As we approach the Halloween season, it’s important, as college students, to know what we are socially allowed to do. Obviously costume parties and dressing up to get free burritos from Chipotle are OK, but what about trick-or-treating?
It used to be that if you were old enough to drive, you were too old to go trick-or-treating, but now it seems as though college kids are getting their fill of nostalgia from going out well past their 16th birthdays.
Carmen Trease, a mother of one college student and two high school students, says there are better ways to celebrate as college students.
“I believe the cut-off age for trick-or-treating should be 13. That’s about when they start wanting to be treated as adults. One of these rights of passage include not trick-or-treating,” Trease said.

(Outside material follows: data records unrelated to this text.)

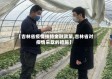 【吉林省疫情扶持金融政策,吉林省对疫情采取的措施】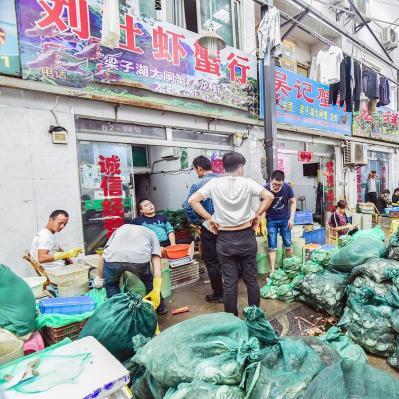 螃蟹价格行情最新市场分析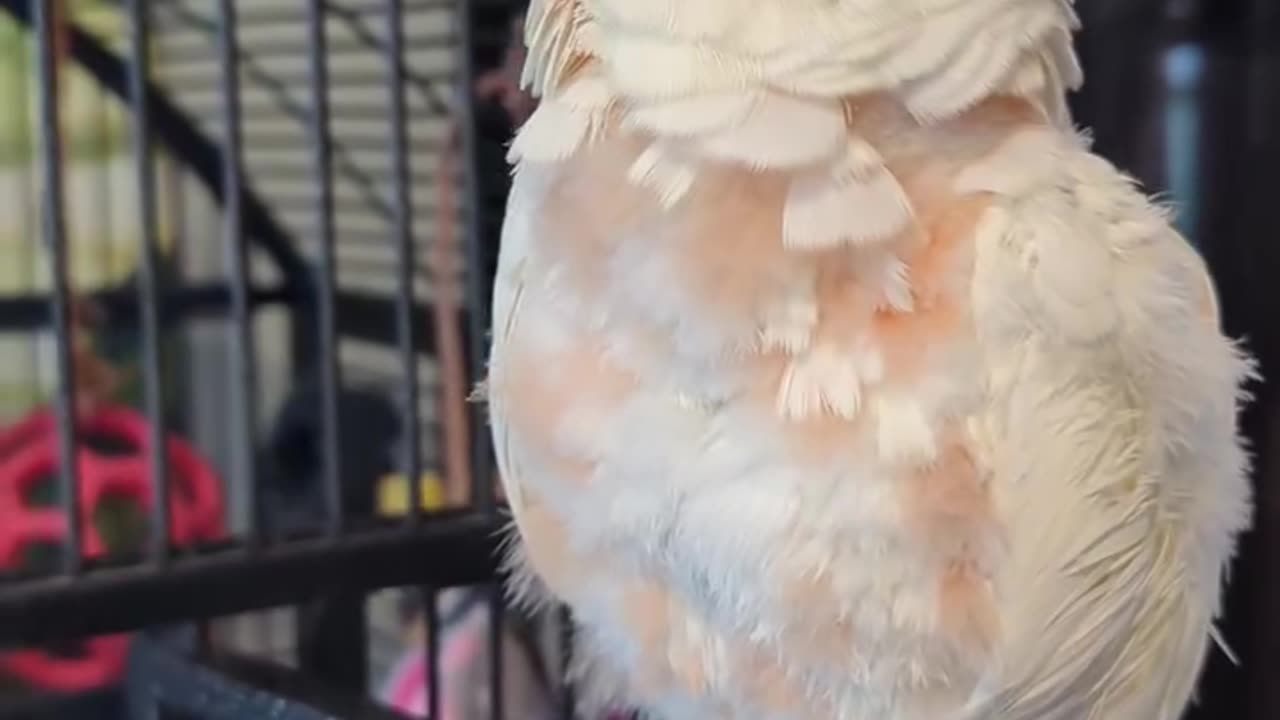 "Mind Your Own Business!"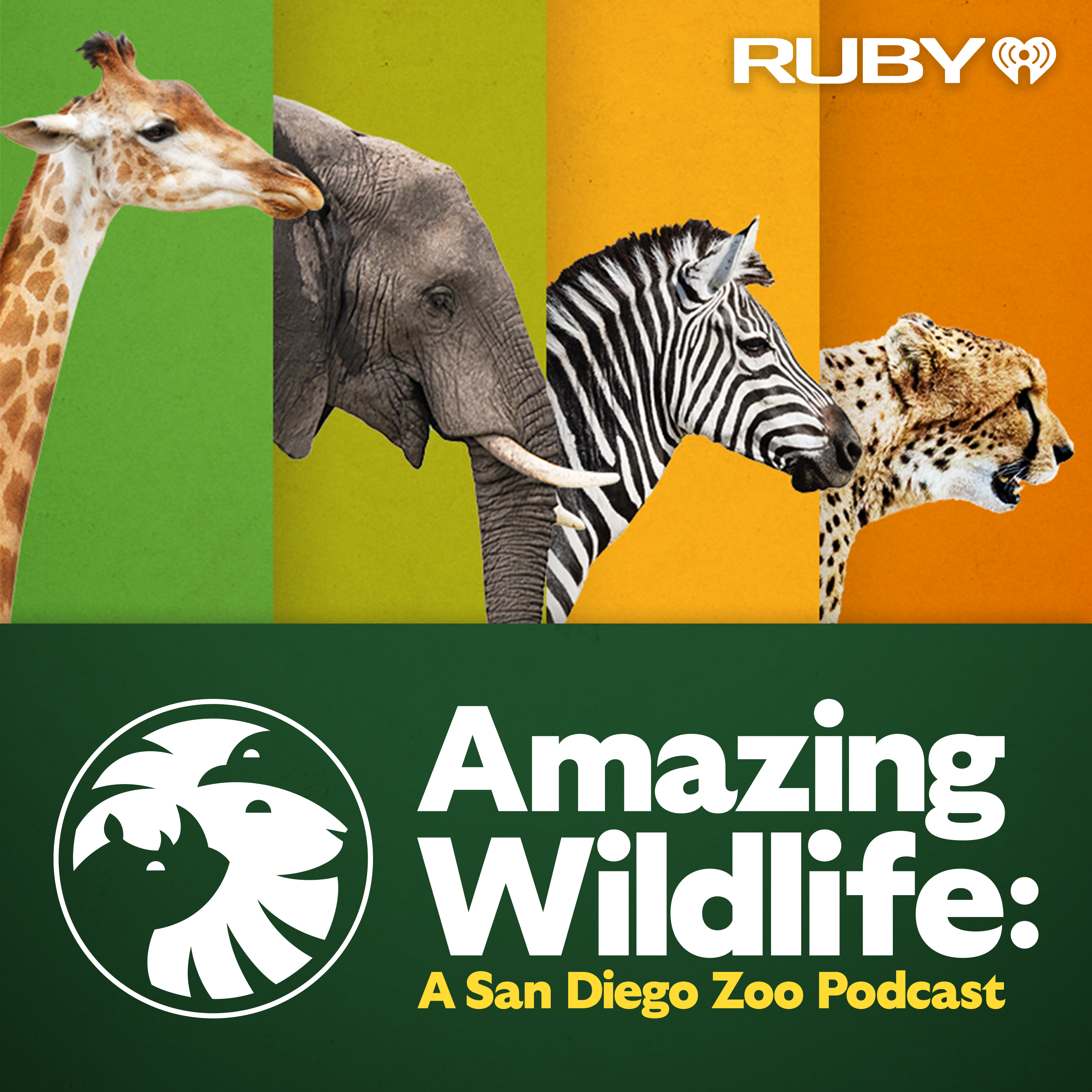 Amazing Wildlife: A San Diego Zoo Podcast Artwork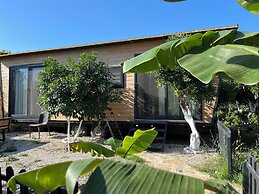 Bodrum Gaia Tiny Houses Butik Hotel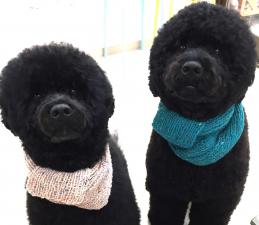 ミディアムプードル×ポーチュギーズウォータードッグの子犬ポーティドゥードルの販売情報 DOGSALONMAUドッグサロンマウ
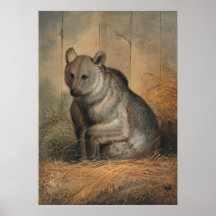 L'ours syrien par Joseph Wolf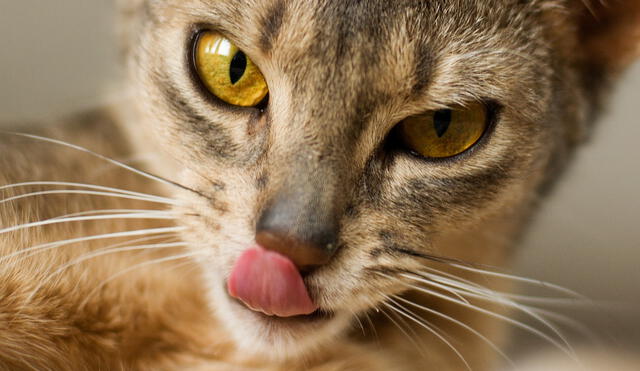 Según un estudio, gatitos tienen algunos rasgos de psicopatía humana, como audacia, desinhibición y mezquindad. Foto: Flickr/Peter Hasselbom
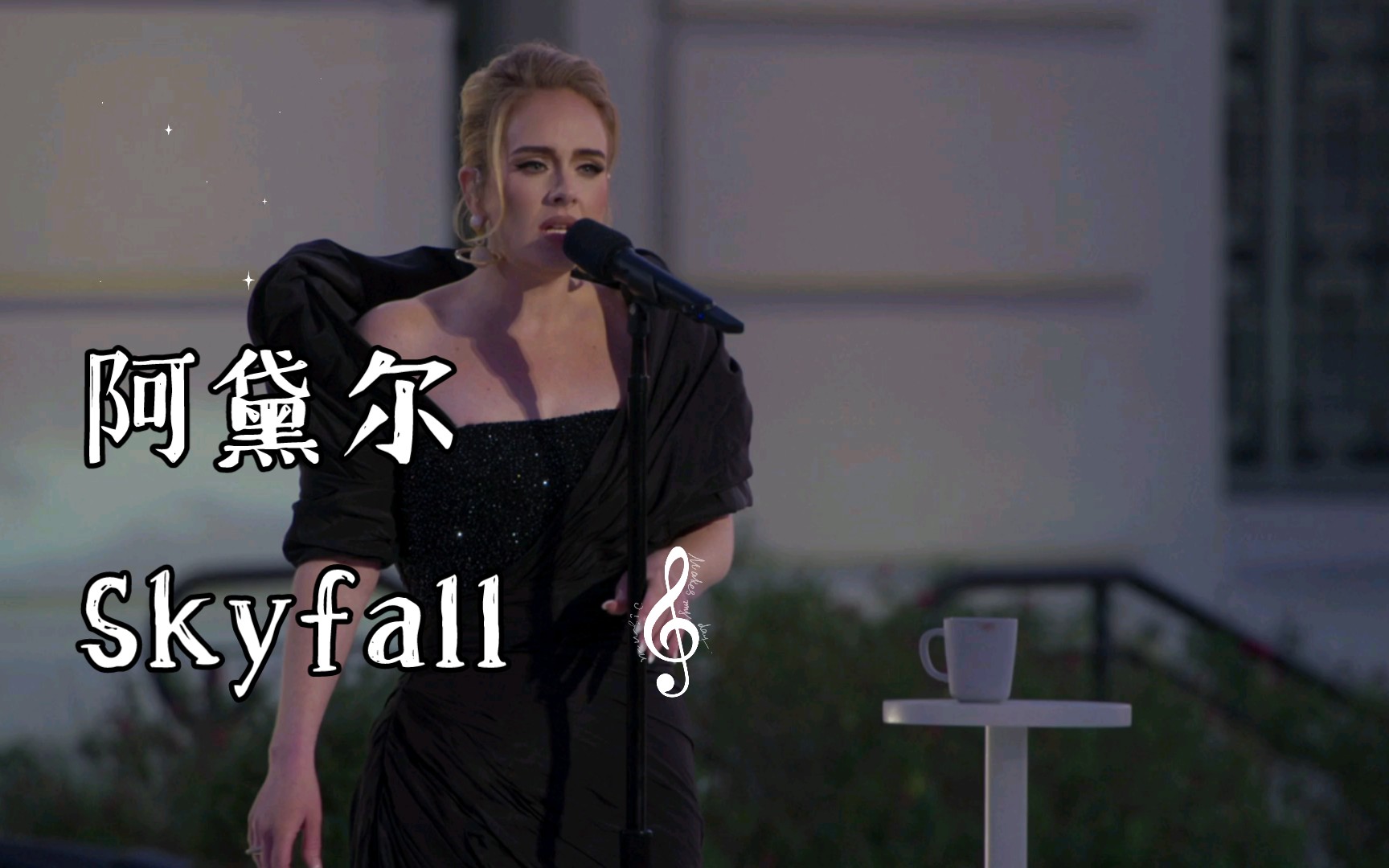 [图]阿黛尔此夜唯一演唱会  歌曲《Skyfall》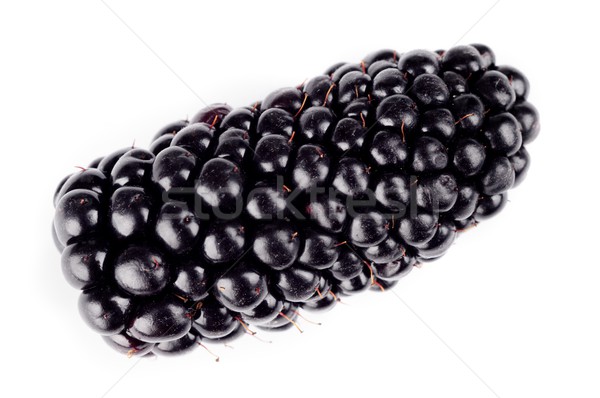 Studio shot one fresh blackberries isolated white  Stock photo © dla4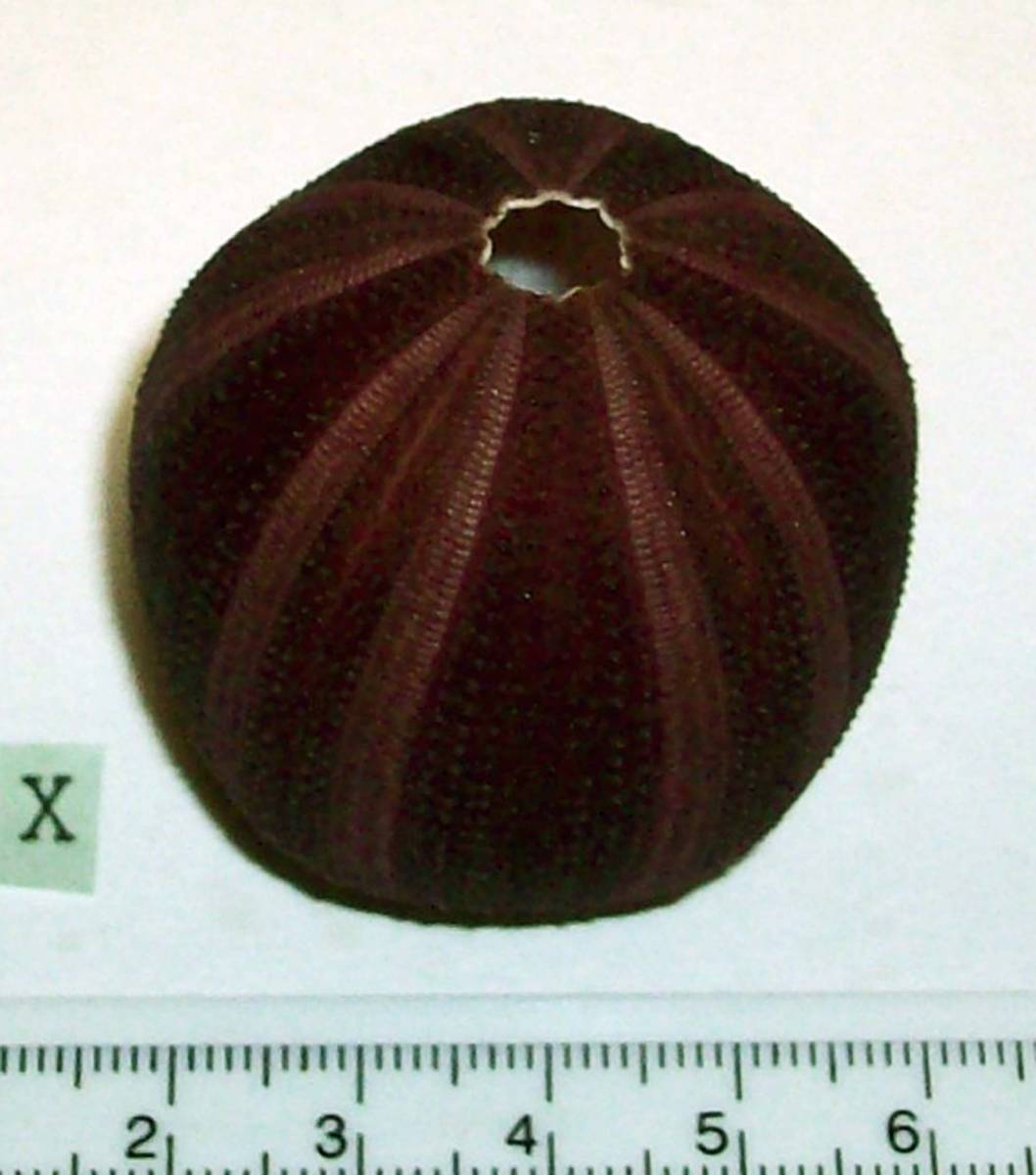 ☆☆☆ X ウニの殻 ウニ殻 高さ4.5cm位 オーストラリア 検 インテリア 骨格標本 カシパン 貝殻 貝_画像1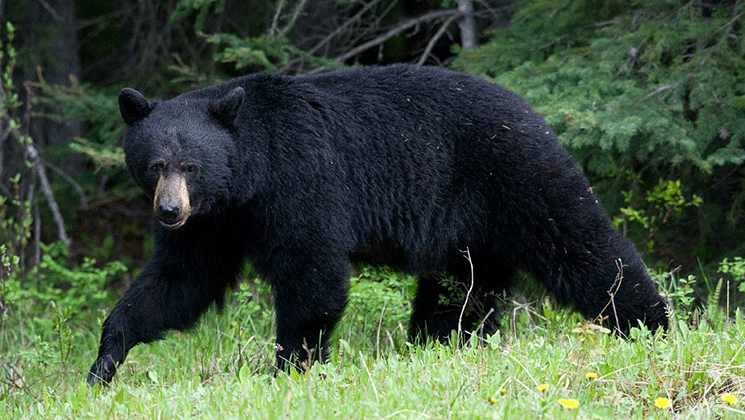 donjones_black-bear04084d.gif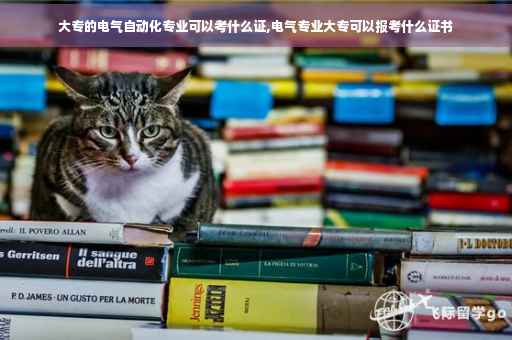 大专的电气自动化专业可以考什么证,电气专业大专可以报考什么证书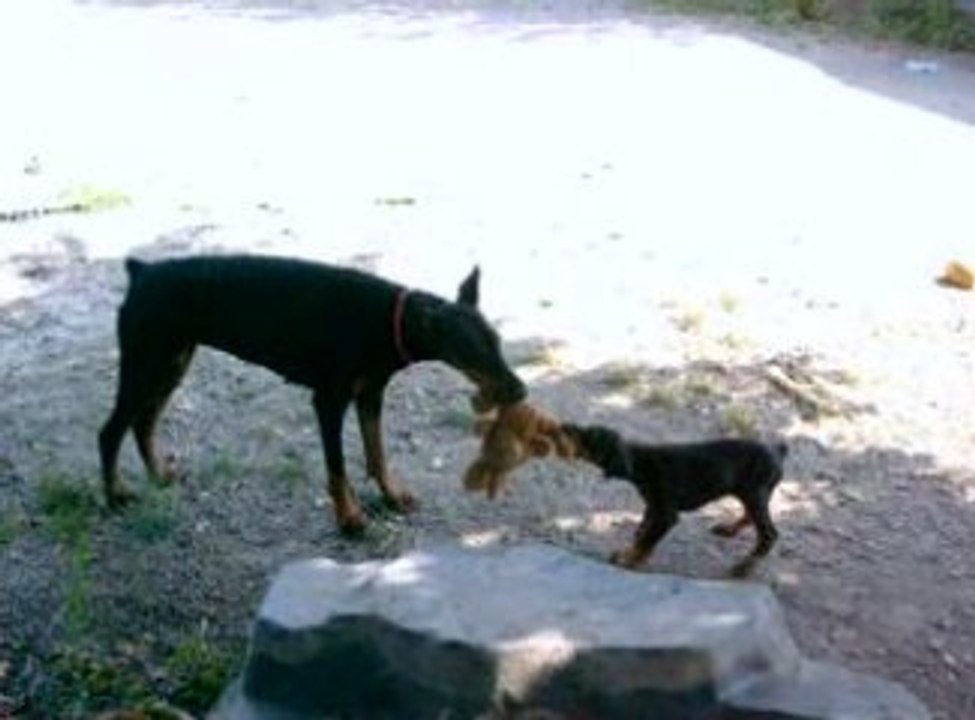 Ilane : C'est MON lapin !!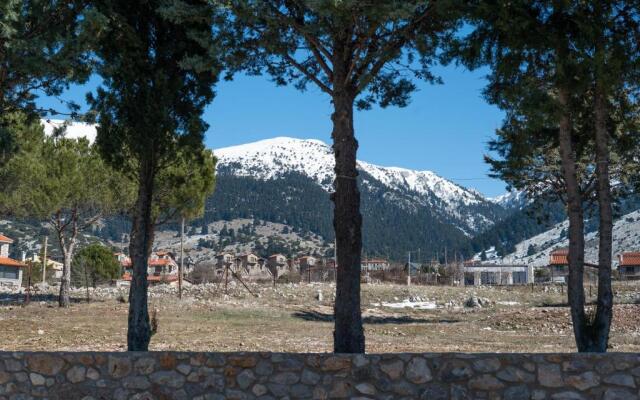 Villa Dianne Apt 1 Livadi Arachovas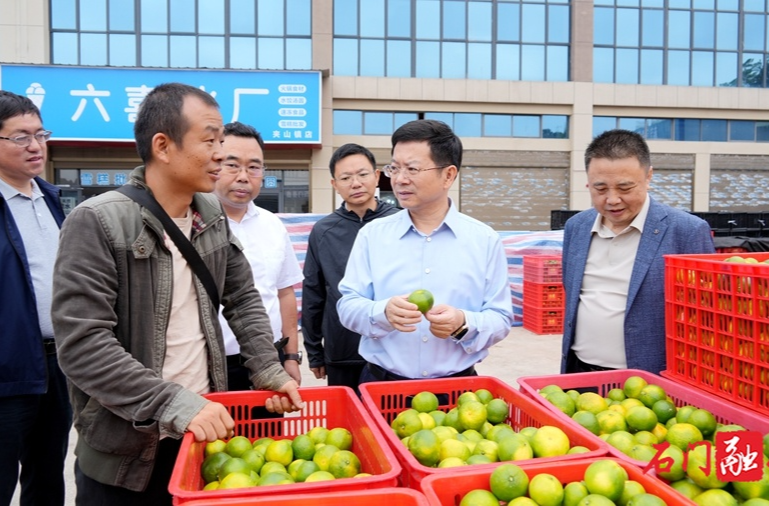 吴兴国调研柑橘销售工作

“If they want to get that nostalgic feeling, college students should dress up and go to parties instead of taking the experience away from small children. They had that experience already, now it’s time for them to defer it to the younger kids.”
If you, as a college student, really want to dress up and go door-to-door, learn a little something from the students at Pratt High School, who are dressing up to take donations for the local food bank. This not only brings you that nostalgic Halloween feeling, but it gives to a great cause.
If you’re still not satisfied, maybe you just need to get a job as a door-to-door salesman and use your money to buy candy.